Here’s what I mean. The first is a snippet of dialogue from the previous chapter, Mutterances. Our heroine and her hired gun have been forced to share a room, and she’s asking all sorts of uncomfortable questions. So it goes like this (first draft goodness and all that jazz…):

“I’m freezing cold. I’m shivering down to the bone. Can’t we put some wood on the fire?” Marna asked.

“Eris said it would be a bad idea. Hea said the more the room looked like it was empty, the better.”

“My feet are numb.”

“Then get another blanket.” He enunciated every word with care.

“I have both blankets and I’m still shivering.”

“Curl up in a ball or something.”

“You’re not cold?”

He was sweating. “No.”

“You could lay down beside me—just until I fall asleep. Mark told me you used to do it out in the Territories all the time. All the men stacked up like sardines, huddling to keep out the cold.”

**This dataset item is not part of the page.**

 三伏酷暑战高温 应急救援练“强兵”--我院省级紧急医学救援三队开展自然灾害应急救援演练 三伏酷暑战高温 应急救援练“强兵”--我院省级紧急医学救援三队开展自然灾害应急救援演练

“This is hardly a harsh environment.”

“We’re fully clothed and exhausted. You don’t think you could spare a little warmth for me just now? I wouldn’t ask it, but I’m afraid my feet might freeze off entirely.”

“Marna…”

Now, the next chapter, Avow, and a discussion between Marna and her husband–who she’s not met up with until now, dictated:

Sievert’s eyes locked onto Marna’s. “What is this? I come all the way here to save you—to save you, Marna! And you can’t even obey me for a damned second. I’m your husband, or have you forgotten?” A note of desperation split through his voice, breaking it.

She took a breath and spoke. “You promised to protect Dev, Sievert. And you didn’t. So now I’m going to find him.”

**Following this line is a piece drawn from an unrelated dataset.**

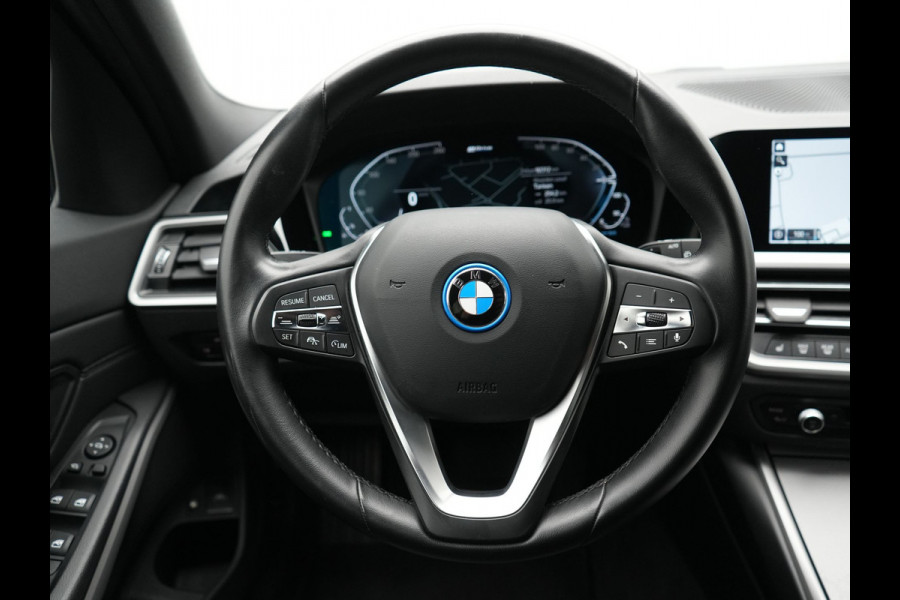 BMW 3 Serie Touring 330e Sportline PHEV 293pk | Trekhaak Af Fabriek | Adaptive Cruise | Head Up | 360 Camera | Lederen Sportstoelen Verwarmd | BLIS | Apple Carplay | Navigatie | DAB | Plug In Hybrid |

“That’s what this is about? That damned half-breed?”

“Don’t call him that!”

“I call him what he is. You have let him and his business disrupt your entire life. He is nothing more than an addict, desperate for attention and recognition with no hope in this world. He has landed himself in the boiling pot, and you’re the last person who should be going after him.”

Same old Seivert, same old lecture. Still, it spoke to her deepest fears. She said, “You cannot understand. You never have. I am so close to finding him; please, if you love me you’ll let me continue my search.”

“Love you? You have taken my love for granted, over and over again. I truly believed that in time you would come to appreciate everything I have done for you. Since our marriage,  Marna, you have never wanted for anything. You have had the best clothes, the most expensive jewelry–you have wandered in the most privileged of circles, and still it’s not enough for you.”

Now, I know these are drastically different scenes–one is told from Ash’s point of view, and the second here is Marna’s. But I can’t help but notice a change in the density. Maybe I’m over compensating with the dictation; I have no idea. My only hope is that with proper editing I can smooth it out. I think as I become more aware of the variations, I’ll avoid them.

At any rate, some friendly metrics for those who are keeping count. Dustman currently is making steady progress, and things are really heating up. After this chapter finishes, I’m going to go back and add two or three Dinah chapters, which should be fun–then the meter’s really going to shoot up.

  • http://girlsaregeeks.wordpress.com girlsaregeeks

    Interesting thoughts on how the words get from your brain to the computer. I have always thought through a scene, actually, I usually hear it, before writing. I’ve come up with whole sets of dialogue while running which I then had to hold onto until I got home to write it down! I would probably work well with diction software.